The firings come just days after Kim visited a site where he inspected a newly built submarine capable to carrying four anti-ballistic missiles. This is quite a step up in that the current sub in their fleet capable of carrying such missiles can hold only one.
These developments all point to efforts by North Korea to pressurize Washington for more concessions if the talks do resume. Experts like Joel Wit, a senior fellow at the Stimson Center, thinks that these are not the last actions the world will see out of North Korea. Wit is also the director of a website called 38 North that tracks activities in the secretive country. He adds that these actions are to show the world that they are “tough guys” and that Kim posing with the submarine is “likely not a coincidence."

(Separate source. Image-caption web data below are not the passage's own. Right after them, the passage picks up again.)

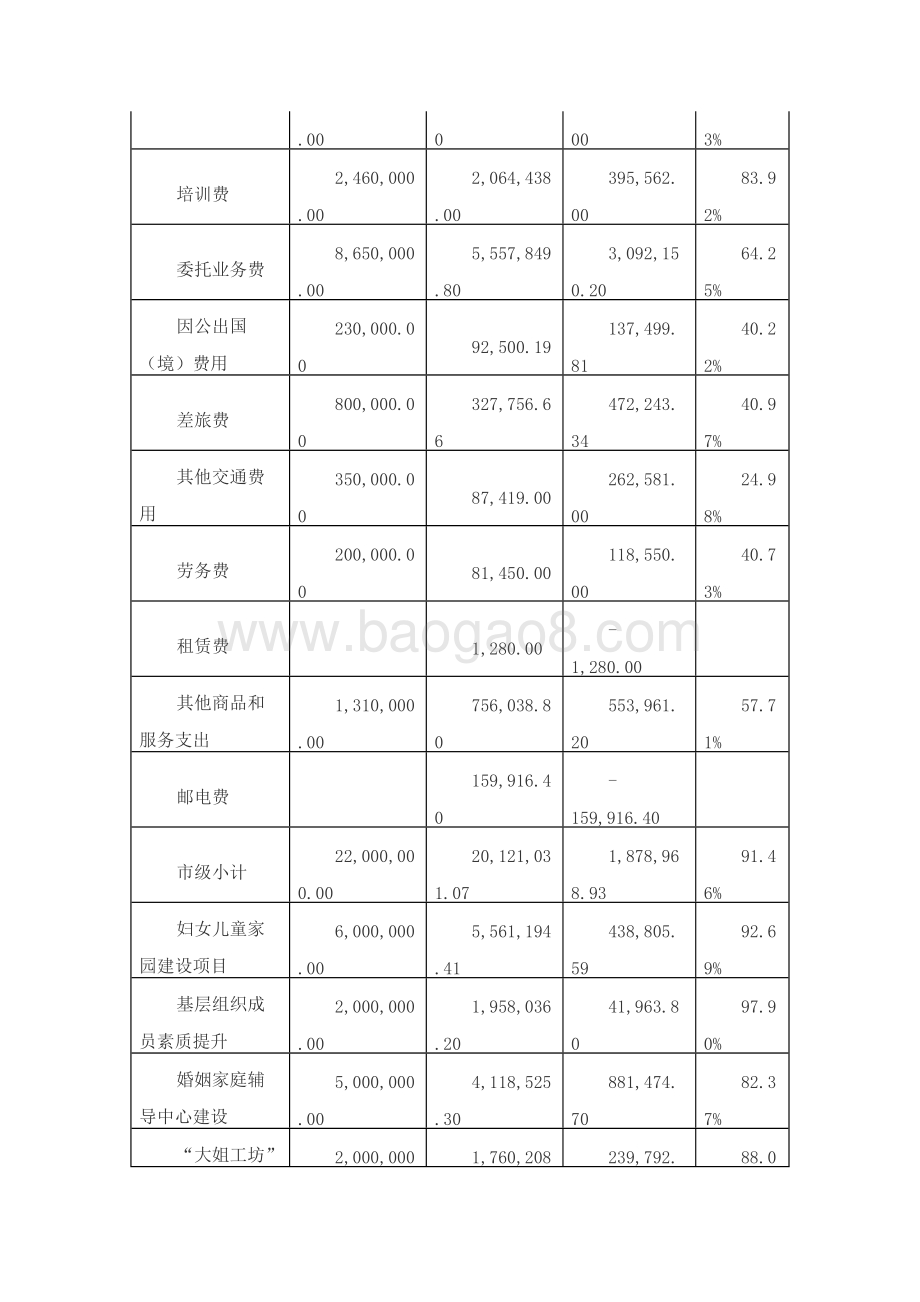 2018年度妇女儿童和民族宗教事业发展资金-妇女儿童事业发展资金绩效评价报告（山东）.docx_第3页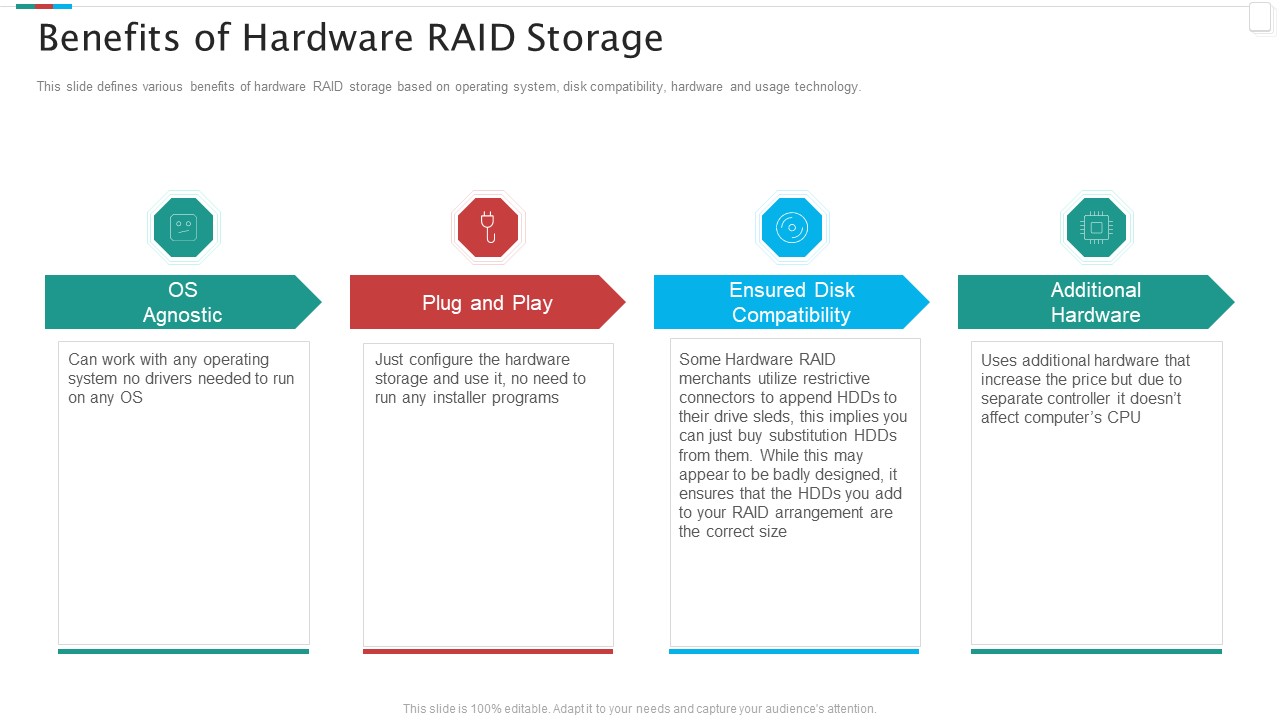 Redundant Array Of Independent Disks Storage IT Benefits Of Hardware RAID Storage Pictures PDF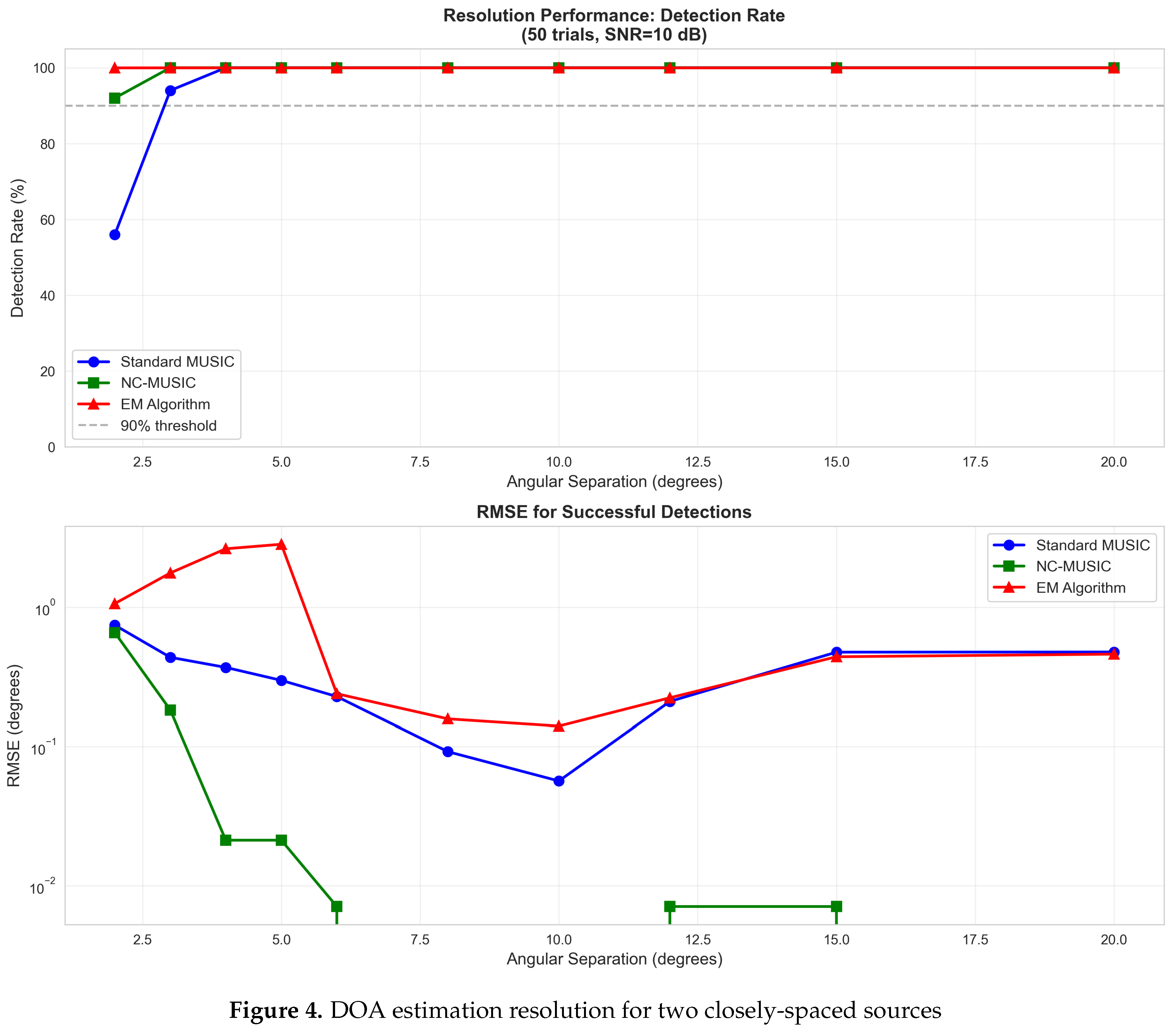 Preprints 193332 g004
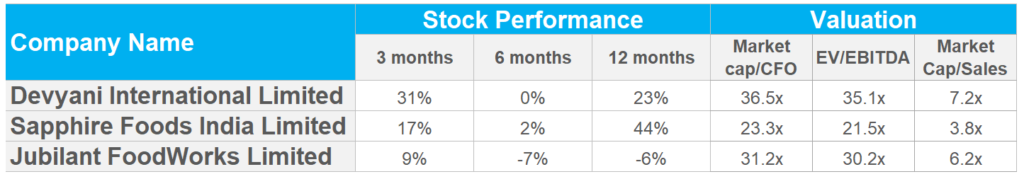 Relative Valuation of QSR companies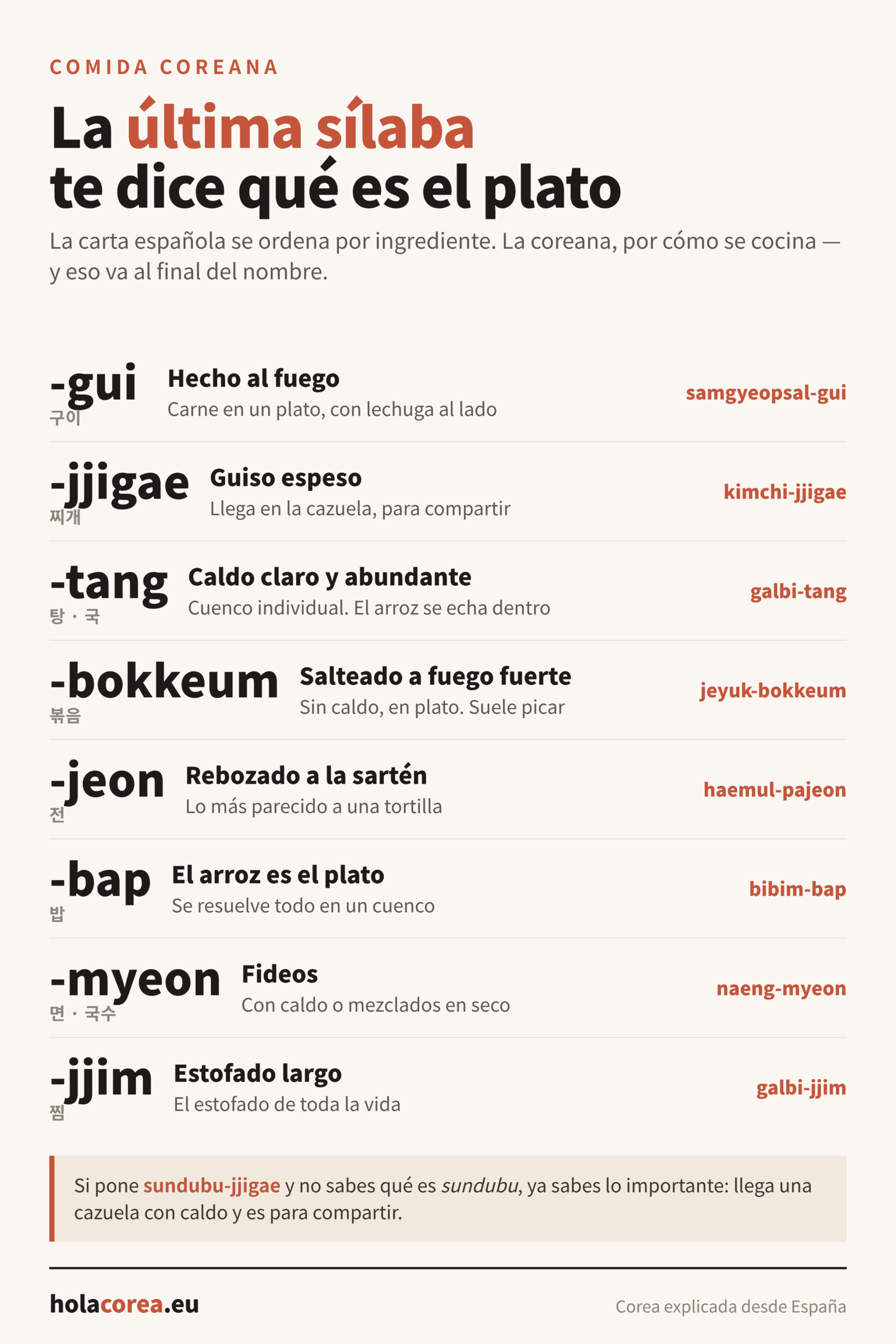 Tabla de las terminaciones de los platos coreanos: -gui, -jjigae, -tang, -bokkeum, -jeon, -bap, -myeon, -jjim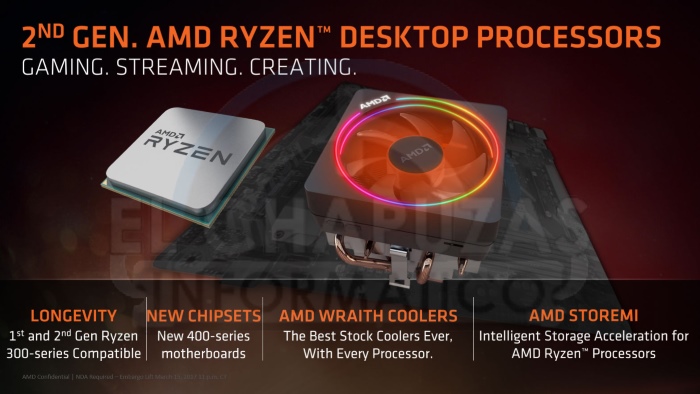 AMD Ryzen 2000 series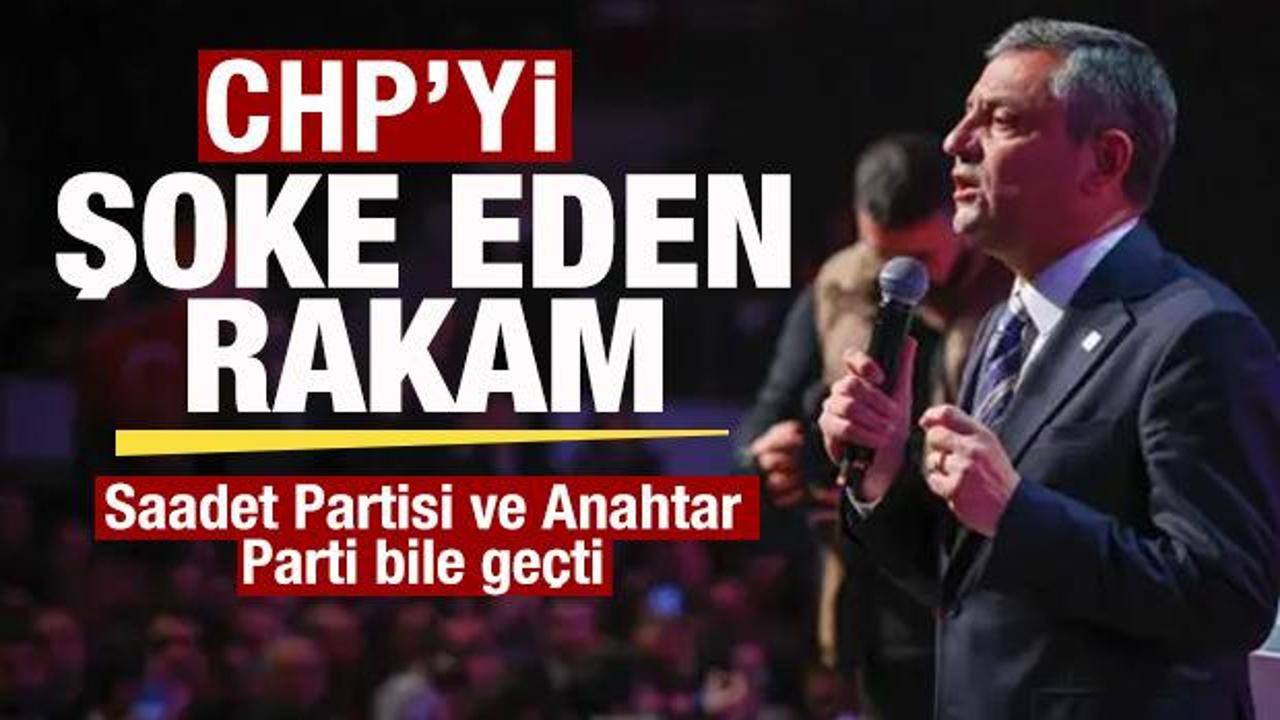 CHP&rsquo;yi şoke eden rakam! Saadet Partisi ve Anahtar Parti bile ge&ccedil;ti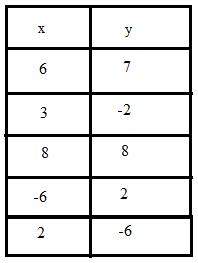 Algebra 1, Homework Practice Workbook (MERRILL ALGEBRA 1), Chapter 1.6, Problem 13PPS , additional homework tip  1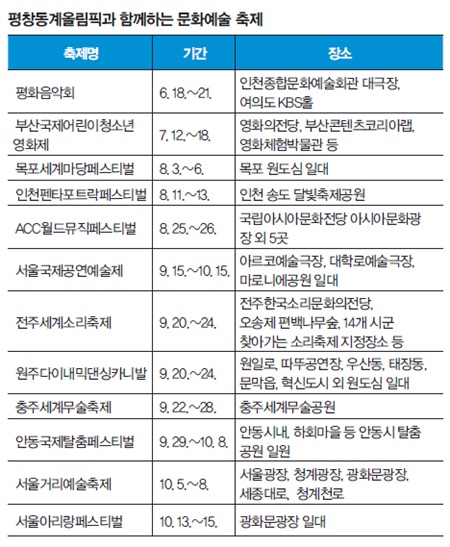 평창동계올림픽과 함께 하는 14개 문화예술축제.(출처=위클리공감)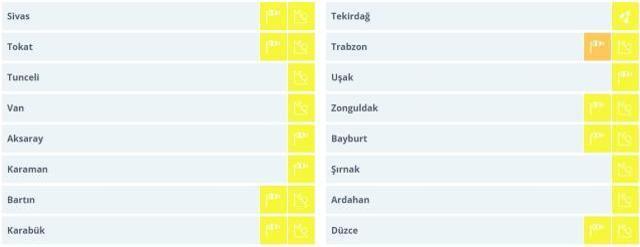 Dışarı çıkacaklar dikkat! Meteoroloji'den 56 ile sarı ve turuncu kodlu uyarı
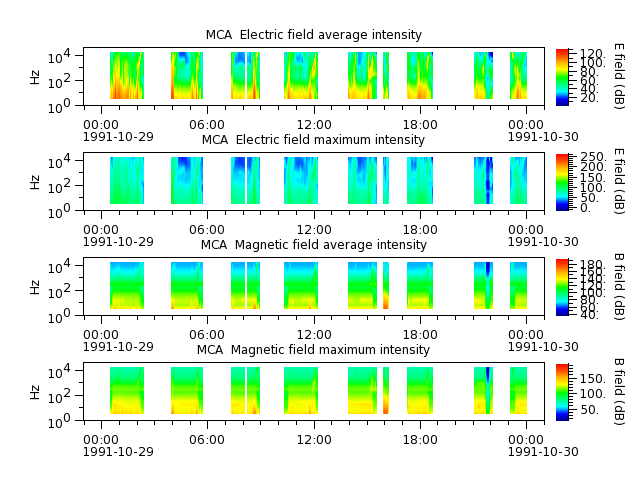 ak_h1_mca_19911029_v02.cdf.png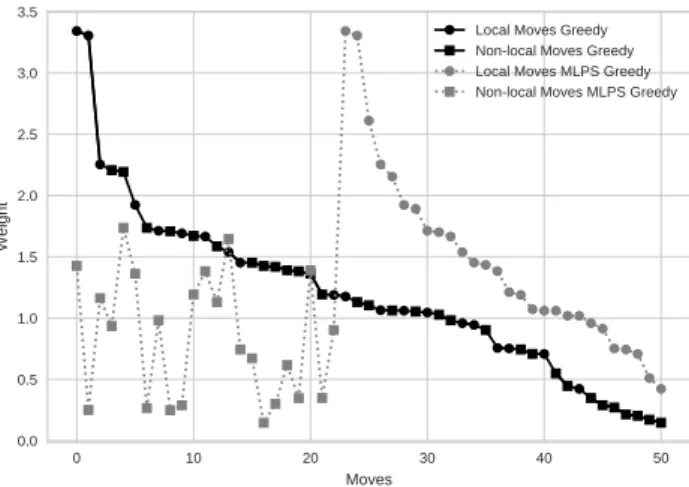 Fig. 7: Weight per move of the greedy and the MLPS -greedy scenarios.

Wit urges the U.S. to be calm in any response saying, "Going to the UN is just a dead-end. It doesn't hurt us at all to stay calm and not fly off the handle. They'll test for whatever reasons they test, not because the Americans were tough on them."
While the launching of the missiles goes against a UN Security Council resolution to ban such launches, it does not violate a self-imposed moratorium on nuclear and ICBM tests that Kim declared on his own country in November of 2017.